Alat Bantu Pendidikan
Karena
saat itu teknologi belum berkembang sebagaiman saat ini, alat bantu
pendidikanpun juga sangat sederhana. Papan tulis dan kapur tulis adalah alat
utama yang digunakan dalam proses belajar di kelas, dibantu dengan penunjuk
papan yang terbuat dari kayu atau bamboo, yang kadang-kadang alat ini yang
ditakuti anak didik, karena selain untuk penunjuk kadang juga di gunakan untuk
memukul jika siswa dianggap melanggar.
3.
Akses Pelajaran
Akses belajar pada saat itu sangat terbatas, selain di sekolah sebagai tempat belajar adalah kelompok-kelompok kecil dari kumpulan teman-temannya dan ini sebagai kelompok belajar yang meleka lakukan di luar sekolahnya
4. Sumber Informasi
Sumber
informasi untuk mendukung kegiatan belajar sangat terbatas sekali. Teknologi
digital masih sangat jauh tertinggal, sehingga media-media sebagai sumber
informasi dan belajarpun juga sangat terbatas.

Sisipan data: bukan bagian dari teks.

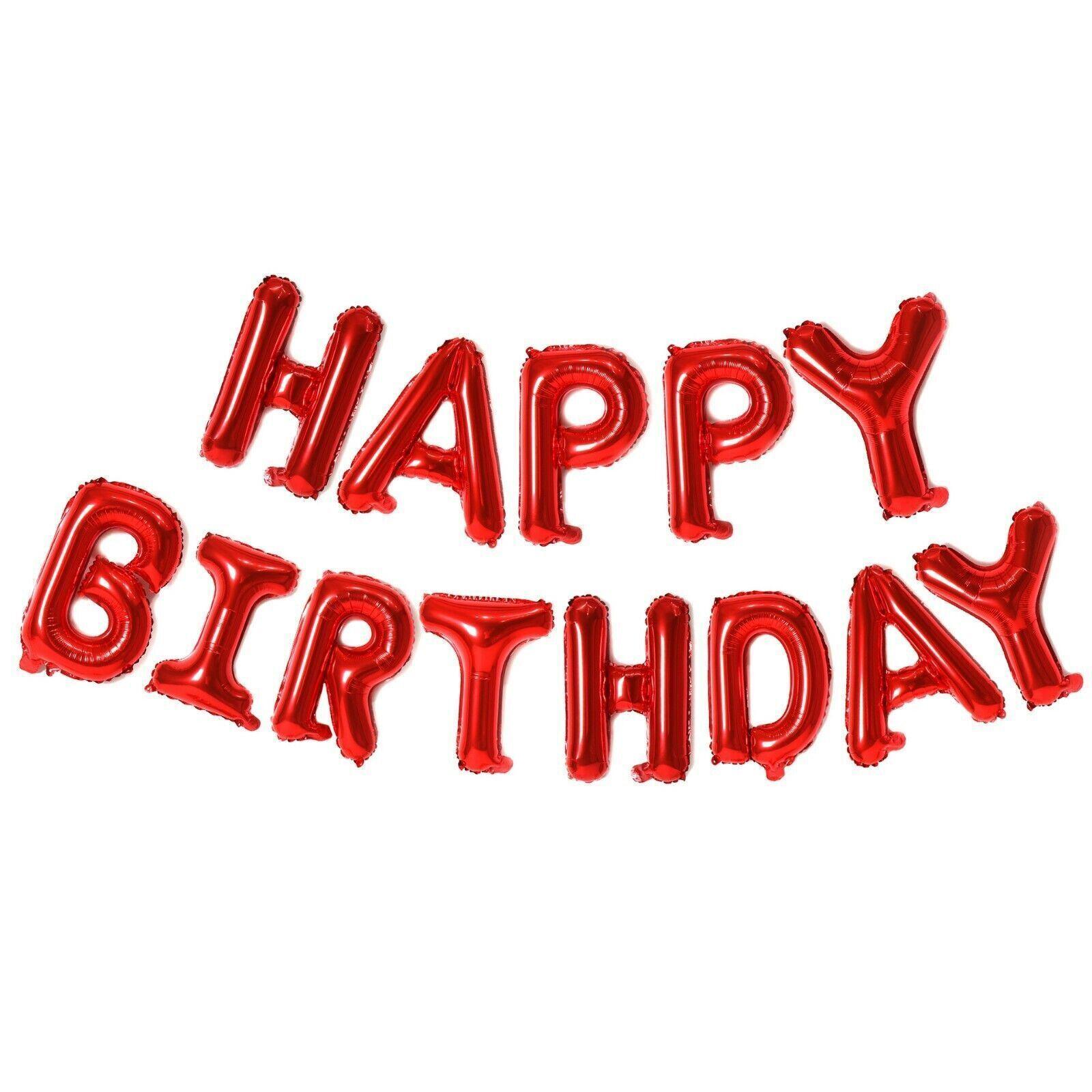 40Cm 3D Happy Birthday Letters Balloons Inflating Foil Banner Bunting Celebrate - Pink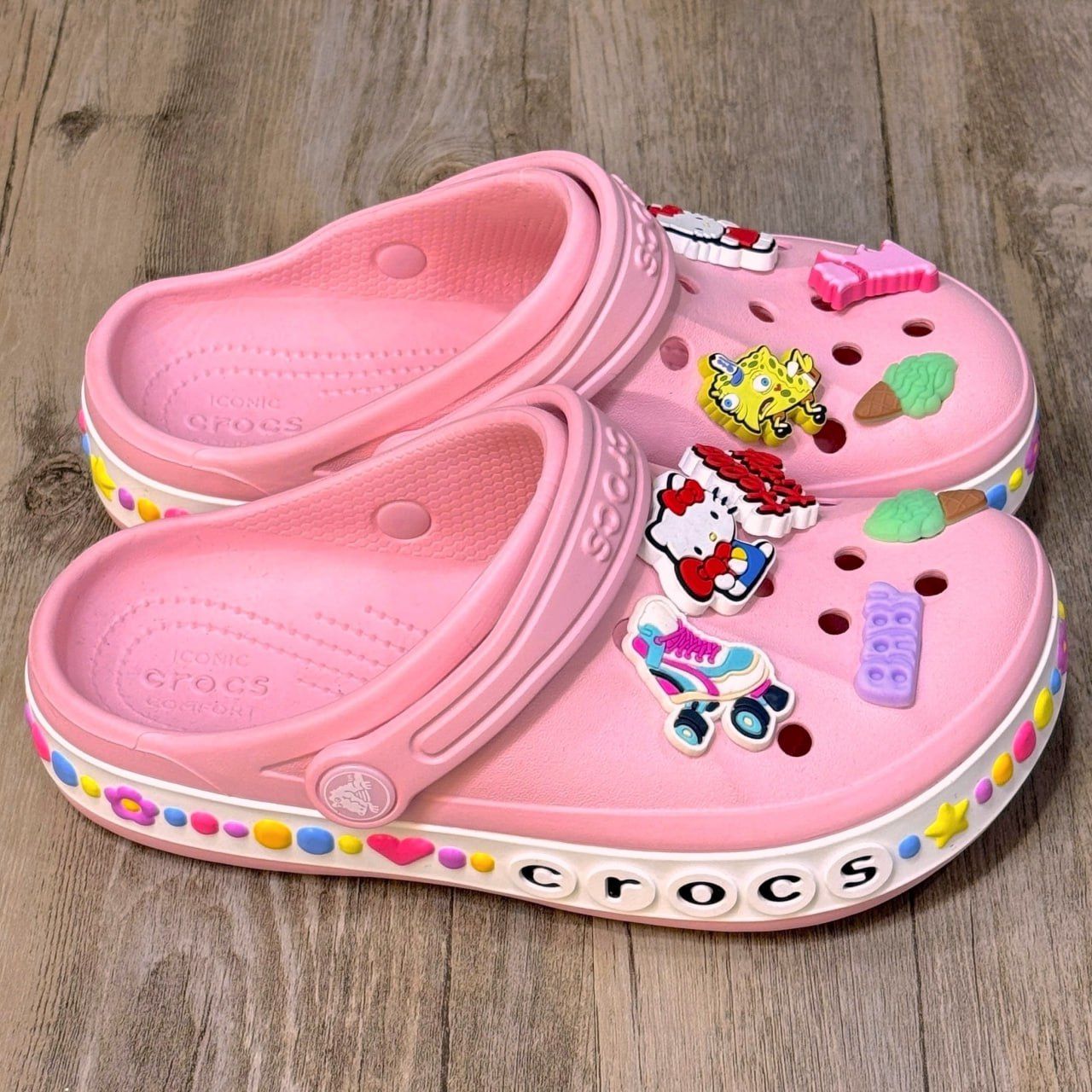 Dép Crocs Kid Crocband Clog Heart HN Pink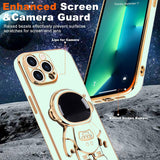 Husă iPhone 15 Pro cu print astronaut verde, decupaje precise pentru butoane și port USB-C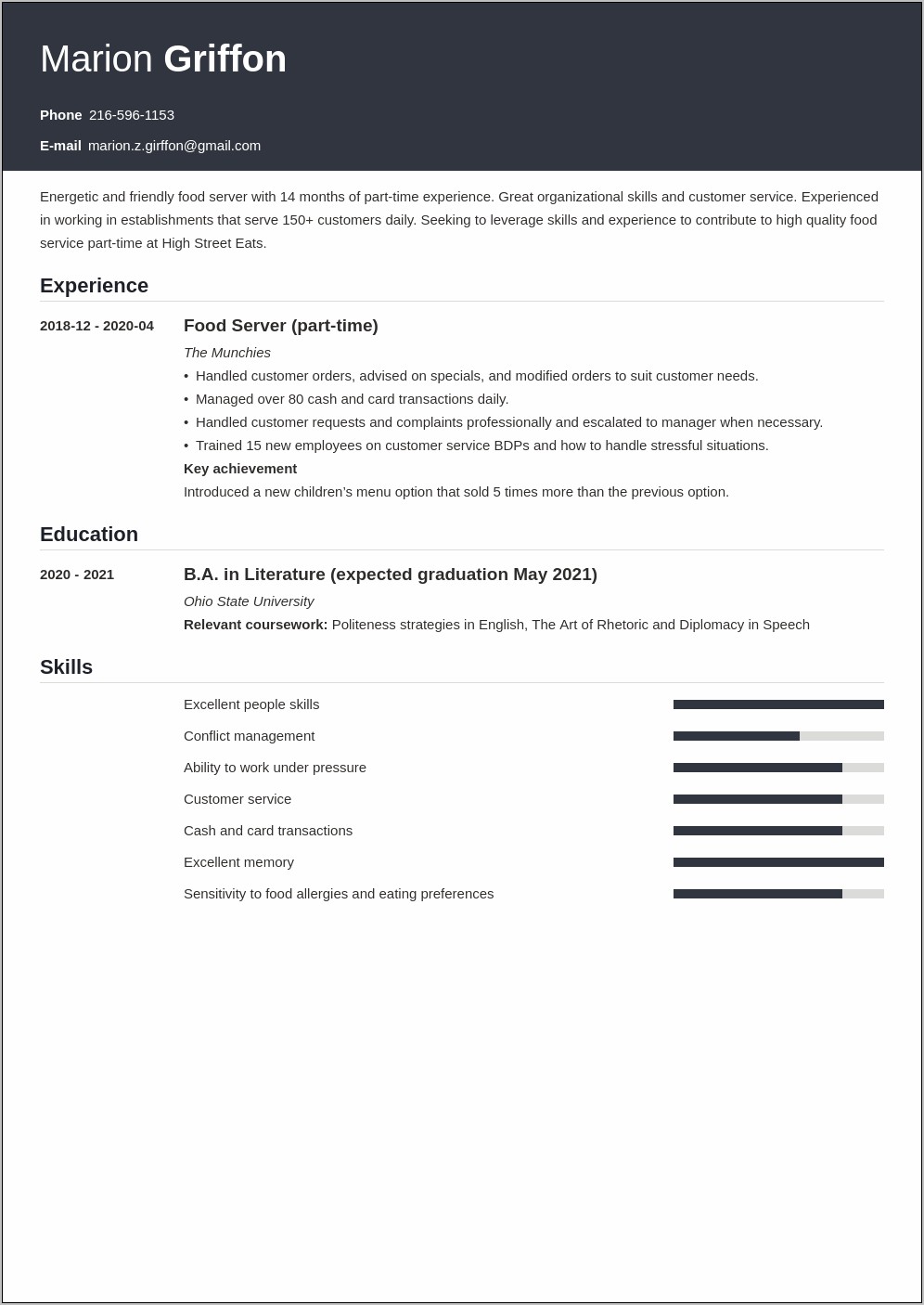 Temp Jobs On Resume Example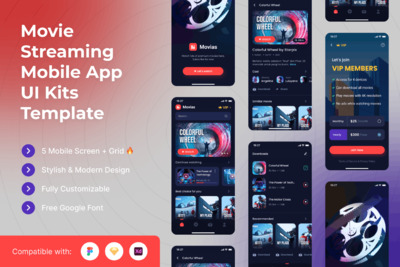 电影流媒体 App UI Kits (FIG,SKETCH,XD)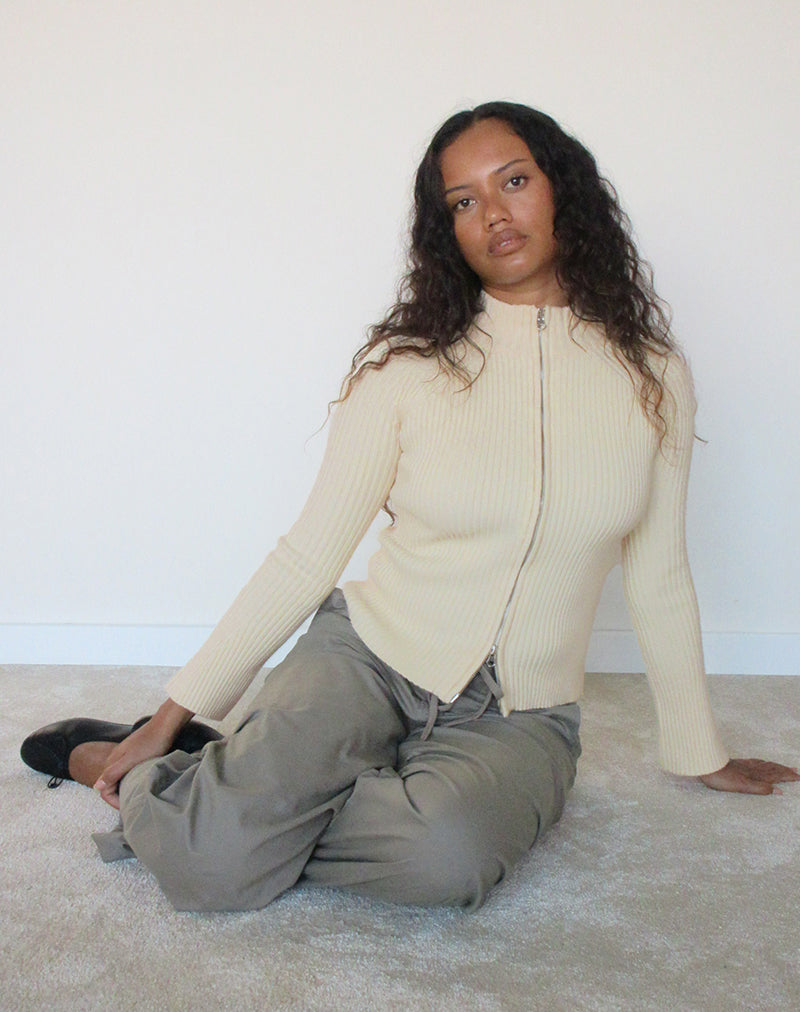 Image of Ranala High Neck Jumper in Knit Cream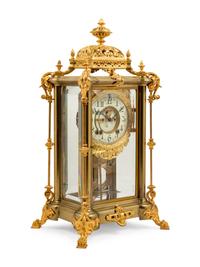 An Ansonia Excelsior Crystal Gilt Metal Regulator Clock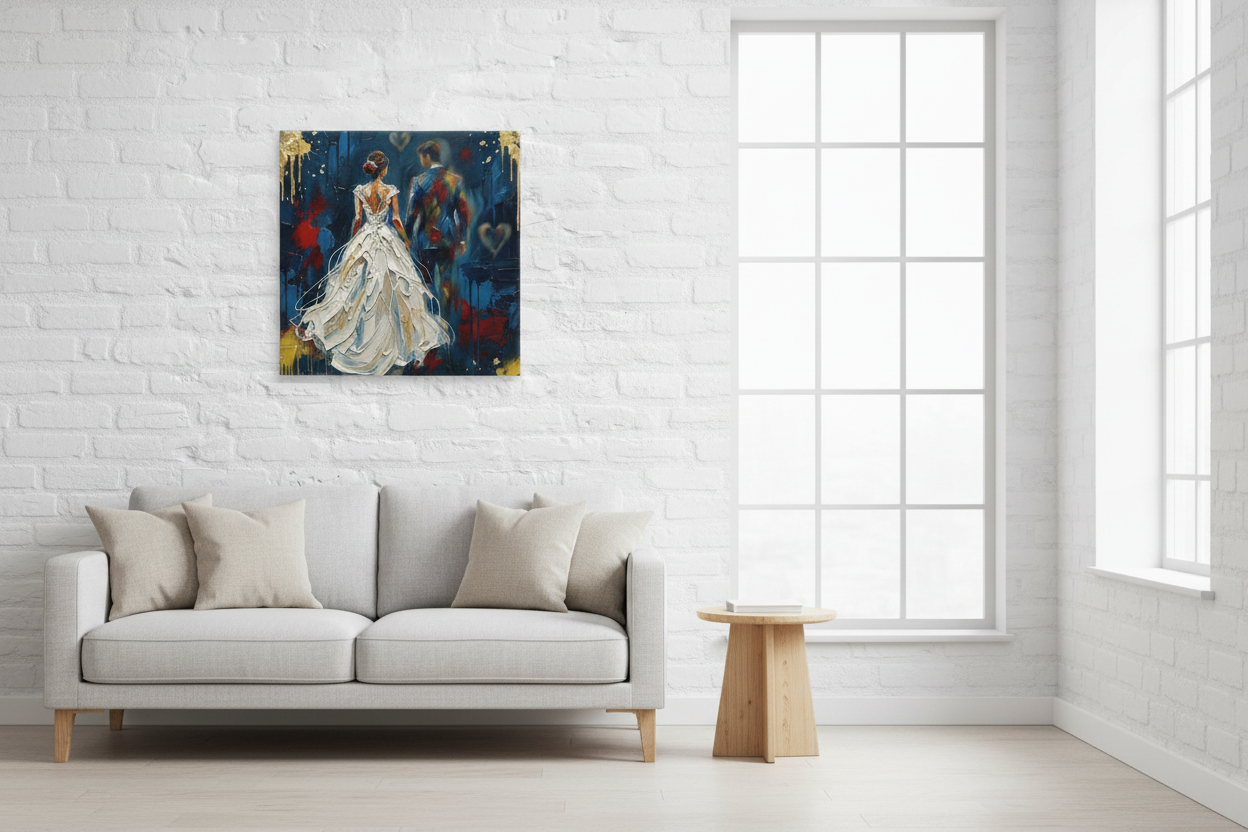 The Walk canvas art displayed in a minimalist Scandinavian living room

Saat itu yang ada hanya radio
dan televise itupun hanya beberapa orang saja yang memiliki.
5.
Tujuan Bersekolah
Orang
tua menyekolahkan kita dengan tujuan untuk mempelajari dan memahami ilmu yang
belum diketahui. Bahkan, mereka menginginkan karakter kita bisa terbentuk agar
dapat membedakan mana yang baik dan buruk. Nilai-nilai karakter ini meliputi
rasa tanggung jawab, kejujuran, sopan santun, dan semangat belajar. Dalam hal
ini orang tua sangat berperan dalam mendampingi anaknya, mereka bias lebih
focus karena hamper tidak ada pengaruh yang mengalihkan perhatiannya untuk
mendampingi anaknya.
Dari 5 sudut pandang di
atas, maka beberapa hal yang bias kita simpulkan :
Pertama,
secara umum pendidikannya masih sangat tertinggal, meskipun bukan berarti
sistem pendidikannya rendah. Bahkan tujuan pendidikan mudah tercapai karena
kolaborasi yang baik antara guru dengan orang tua.
Kedua,
hampir tidak ada pengaruh lingkungan yang signifikan dalam proses pembelajaran.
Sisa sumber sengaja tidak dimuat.